Posted by "Michael Busch (JIRA)" <ji...@apache.org>.
     [ http://issues.apache.org/jira/browse/LUCENE-624?page=all ]

Michael Busch updated LUCENE-624:
---------------------------------

    Attachment: cfs_seg_size_limit.patch

I attach the patch file for this improvement.

This patch adds two new methods to the API of IndexWriter and IndexModifier:
  /** Get the current value of the compound file segment size limit.
   *  Note that this just returns the value you set with setCompoundFileSegmentSizeLimit(int)
   *  or the default. You cannot use this to query the status of an existing index.
   *  @see #setCompoundFileSegmentSizeLimit(int)
   */
  public int getCompoundFileSegmentSizeLimit();
    
  /** Sets the limit of documents a segment can have, so that
   *  compound format is being used for that segment. A high
   *  limit will decrease the number of files per index, whereas
   *  a lower limit will improve search performance but 
   *  increase the number of files.
   */
  public void setCompoundFileSegmentSizeLimit(int value);

Furthermore I added a constant to IndexWriter:
public final static int DEFAULT_COMPOUND_FILE_SEGMENT_SIZE_LIMIT = Integer.MAX_VALUE;

Since the default value is set to Integer.MAX_VALUE, the behavior of IndexWriter/IndexModifier only changes if the user uses setCompoundFileSegmentSizeLimit(int) to change the value explicitly. 
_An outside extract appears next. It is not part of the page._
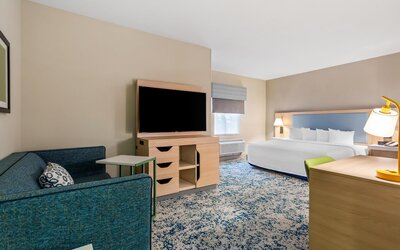 Hampton Inn & Suites St. Petersburg/Downtown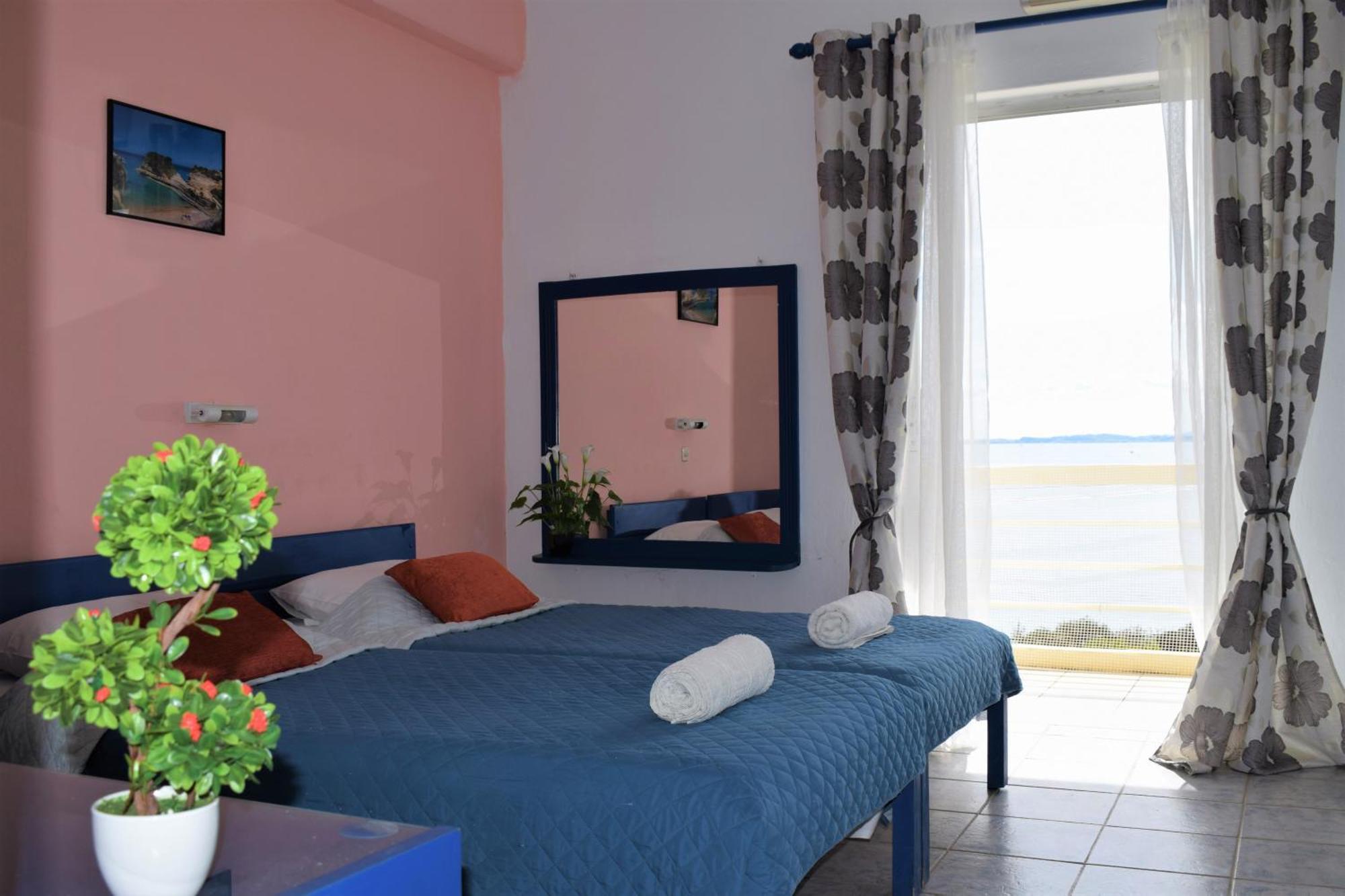 Paradisus Apartments Barbáti Kültér fotó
> Segment size limit for compound files
> -------------------------------------
>
>                 Key: LUCENE-624
>                 URL: http://issues.apache.org/jira/browse/LUCENE-624
>             Project: Lucene - Java
>          Issue Type: Improvement
>          Components: Index
>            Reporter: Michael Busch
>            Priority: Minor
>         Attachments: cfs_seg_size_limit.patch
>
>
> Hello everyone,
> I implemented an improvement targeting compound file usage. Compound files are used to decrease the number of index files, because operating systems can't handle too many open file descriptors. On the other hand, a disadvantage of compound file format is the worse performance compared to multi-file indexes:
> http://www.gossamer-threads.com/lists/lucene/java-user/8950
> In the book "Lucene in Action" it's said that compound file format is about 5-10% slower than multi-file format.
> The patch I'm proposing here adds the ability to the IndexWriter to use compound format only for segments, that do not contain more documents than a specific limit "CompoundFileSegmentSizeLimit", which the user can set.
> Due to the exponential merges, a lucene index usually contains only a few very big segments, but much more small segments. The best performance is actually just needed for the big segments, whereas a slighly worse performance for small segments shouldn't play a big role in the overall search performance.
> Consider the following example:
> Index Size:                            1,500,000
> Merge factor:                        10
> Max buffered docs:             100
> Number of indexed fields: 10
> Max. OS file descriptors:    1024
> in the worst case a not-optimized index could contain the following amount of segments:
> 1 x 1,000,000
> 9 x   100,000
> 9 x    10,000
> 9 x     1,000
> 9 x       100
> That's 37 segments. A multi-file format index would have:
> 37 segments * (7 files per segment + 10 files for indexed fields) = 629 files ==> only about 2 open indexes per machine could be handled by the operating system
> A compound-file format index would have:
> 37 segments * 1 cfs file = 37 files ==> about 27 open indexes could be handled by the operating system, but performance would be 5-10% worse.
> A compound-file format index with CompoundFileSegmentSizeLimit = 1,000,000 would have:
> 36 segments * 1 cfs file + 1 segment * (7 + 10 files) = 53 ==> about 20 open indexes could be handled by the OS
> The OS can handle now 20 instead of just 2 open indexes, while maintaining the multi-file format performance.
> I'm going to create diffs on the current HEAD and will attach the patch files soon. Please let me know what you think about this improvement.

-- 
This message is automatically generated by JIRA.
-
If you think it was sent incorrectly contact one of the administrators: http://issues.apache.org/jira/secure/Administrators.jspa
-
For more information on JIRA, see: http://www.atlassian.com/software/jira

        

---------------------------------------------------------------------
To unsubscribe, e-mail: java-dev-unsubscribe@lucene.apache.org
For additional commands, e-mail: java-dev-help@lucene.apache.org


[jira] Closed: (LUCENE-624) Segment size limit for compound files

Posted by "Michael Busch (JIRA)" <ji...@apache.org>.
     [ http://issues.apache.org/jira/browse/LUCENE-624?page=all ]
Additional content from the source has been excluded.